Clustering-and-Segmentation-for-Banking

Project Title: Exploratory Analysis and Clustering Techniques for Customer Segmentation in Banking

PROJECT OVERVIEW

In this project scenario, I am envisioning the role of a data scientist employed by a bank, presented with comprehensive data pertaining to the bank's customers over the preceding six months.
This dataset encompasses information such as transaction frequency, amounts, tenure, among other relevant details.
The objective set forth by the bank's marketing team is to harness the power of AI/ML to initiate a targeted advertising campaign tailored specifically to distinct customer groups.
The success of this campaign hinges on effectively categorizing customers into a minimum of three distinct groups, a practice commonly referred to as marketing segmentation.
This segmentation process is pivotal for optimizing the conversion rates of marketing campaigns.

MODULES OF THE PROJECT

Exploratory Data Analysis
Data Visualization
Feature Engineering
Feature Selection (Lasso CV Feature Importances)
Clustering (Hierarchial Clustering)
Principal Component Analysis (PCA)

DATASET DESCRIPTION

The dataset, sourced from Kaggle here, provides insights into the usage behavior of approximately 9000 active credit card holders over the past six months. Organized at a customer level, the dataset encompasses 18 behavioral variables that capture diverse aspects of credit card utilization.

DATA DICTIONARY:

CUSTID: Identification of Credit Card holder
BALANCE: Balance amount left in customer's account to make purchases
BALANCE_FREQUENCY: How frequently the Balance is updated, score between 0 and 1 (1 = frequently updated, 0 = not frequently updated)
PURCHASES: Amount of purchases made from account
ONEOFFPURCHASES: Maximum purchase amount done in one-go
INSTALLMENTS_PURCHASES: Amount of purchase done in installment
CASH_ADVANCE: Cash in advance given by the user
PURCHASES_FREQUENCY: How frequently the Purchases are being made, score between 0 and 1 (1 = frequently purchased, 0 = not frequently purchased)
ONEOFF_PURCHASES_FREQUENCY: How frequently Purchases are happening in one-go (1 = frequently purchased, 0 = not frequently purchased)
PURCHASES_INSTALLMENTS_FREQUENCY: How frequently purchases in installments are being done (1 = frequently done, 0 = not frequently done)
CASH_ADVANCE_FREQUENCY: How frequently the cash in advance being paid
CASH_ADVANCE_TRX: Number of Transactions made with "Cash in Advance"
PURCHASES_TRX: Number of purchase transactions made
CREDIT_LIMIT: Limit of Credit Card for user
PAYMENTS: Amount of Payment done by user
MINIMUM_PAYMENTS: Minimum amount of payments made by user
PRC_FULL_PAYMENT: Percent of full payment paid by user
TENURE: Tenure of credit card service for user

1. DATA ANALYSIS

I'll commence by addressing the dataset's cleanliness.
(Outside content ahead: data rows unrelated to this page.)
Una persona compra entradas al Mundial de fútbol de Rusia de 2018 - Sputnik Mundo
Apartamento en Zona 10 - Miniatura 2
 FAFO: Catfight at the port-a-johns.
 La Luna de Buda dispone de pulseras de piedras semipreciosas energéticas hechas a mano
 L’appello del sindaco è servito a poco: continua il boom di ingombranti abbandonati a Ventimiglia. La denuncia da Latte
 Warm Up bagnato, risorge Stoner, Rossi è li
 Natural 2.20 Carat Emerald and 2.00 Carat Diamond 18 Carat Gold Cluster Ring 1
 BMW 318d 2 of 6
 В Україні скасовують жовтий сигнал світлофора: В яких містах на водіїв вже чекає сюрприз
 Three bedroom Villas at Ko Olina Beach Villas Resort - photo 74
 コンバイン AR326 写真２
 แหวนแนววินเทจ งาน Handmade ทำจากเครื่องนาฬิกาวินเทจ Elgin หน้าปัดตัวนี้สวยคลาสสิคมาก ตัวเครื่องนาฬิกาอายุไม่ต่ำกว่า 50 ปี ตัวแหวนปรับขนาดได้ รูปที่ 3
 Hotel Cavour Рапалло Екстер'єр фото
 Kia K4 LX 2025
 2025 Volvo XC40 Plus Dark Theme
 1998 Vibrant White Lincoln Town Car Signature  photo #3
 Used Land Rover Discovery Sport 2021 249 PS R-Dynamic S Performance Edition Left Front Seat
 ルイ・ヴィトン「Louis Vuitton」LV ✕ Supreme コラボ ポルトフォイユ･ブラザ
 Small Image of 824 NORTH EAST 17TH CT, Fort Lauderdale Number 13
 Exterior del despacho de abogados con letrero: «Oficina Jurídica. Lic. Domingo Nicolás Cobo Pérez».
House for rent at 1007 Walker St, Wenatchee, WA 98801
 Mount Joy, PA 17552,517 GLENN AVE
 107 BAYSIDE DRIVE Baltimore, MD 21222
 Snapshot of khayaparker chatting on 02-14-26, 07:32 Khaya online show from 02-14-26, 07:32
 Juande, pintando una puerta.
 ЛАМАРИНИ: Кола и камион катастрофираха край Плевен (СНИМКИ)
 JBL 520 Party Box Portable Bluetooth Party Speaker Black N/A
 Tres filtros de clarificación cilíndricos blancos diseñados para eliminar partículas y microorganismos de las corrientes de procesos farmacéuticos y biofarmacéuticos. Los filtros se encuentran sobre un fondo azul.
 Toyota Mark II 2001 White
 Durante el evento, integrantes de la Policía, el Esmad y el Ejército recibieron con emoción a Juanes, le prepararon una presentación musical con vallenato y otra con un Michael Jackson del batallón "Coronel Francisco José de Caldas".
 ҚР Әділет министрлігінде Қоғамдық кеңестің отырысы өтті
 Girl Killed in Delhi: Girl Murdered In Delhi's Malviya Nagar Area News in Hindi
This involves identifying and managing null values, addressing outliers, and ensuring the consistency of the data.

A) Describing the Data

creditcard_df.describe().T

Insights

Mean balance is $1564
Balance frequency is frequently updated on average ~0.9
Purchases average is $1000
one off purchase average is ~$600
Average purchases frequency is around 0.5
Average ONEOFF_PURCHASES_FREQUENCY, PURCHASES_INSTALLMENTS_FREQUENCY, and CASH_ADVANCE_FREQUENCY are generally low
Average credit limit ~ 4500
Percent of full payment is 15%
Average tenure is 11 years

B) Checking for Missing Values

# Plotting missing values
plt.figure(figsize=(10, 5))
sns.barplot(x=creditcard_df.columns, y=creditcard_df.isnull().sum(), palette='Blues')
plt.xticks(rotation=45, ha='right')
plt.title('Missing Data Visualization')
plt.show()

So, we are having Missing values in Minimum Payment Attribute. Hence, I decide to impute with KNN Imputer values where each sample’s missing values are imputed using the mean value from n_neighbors nearest neighbors found in the training set.

C) Checking for Outliers

Using Inter-Quartile Range (IQR), following the below approach to find outliers:
Calculate the first and third quartile (Q1 and Q3).
Further, evaluate the interquartile range, IQR = Q3-Q1.
Estimate the lower bound, the lower bound = Q11.5
Estimate the upper bound, upper bound = Q31.5
The data points that lie outside of the lower and the upper bound are outliers.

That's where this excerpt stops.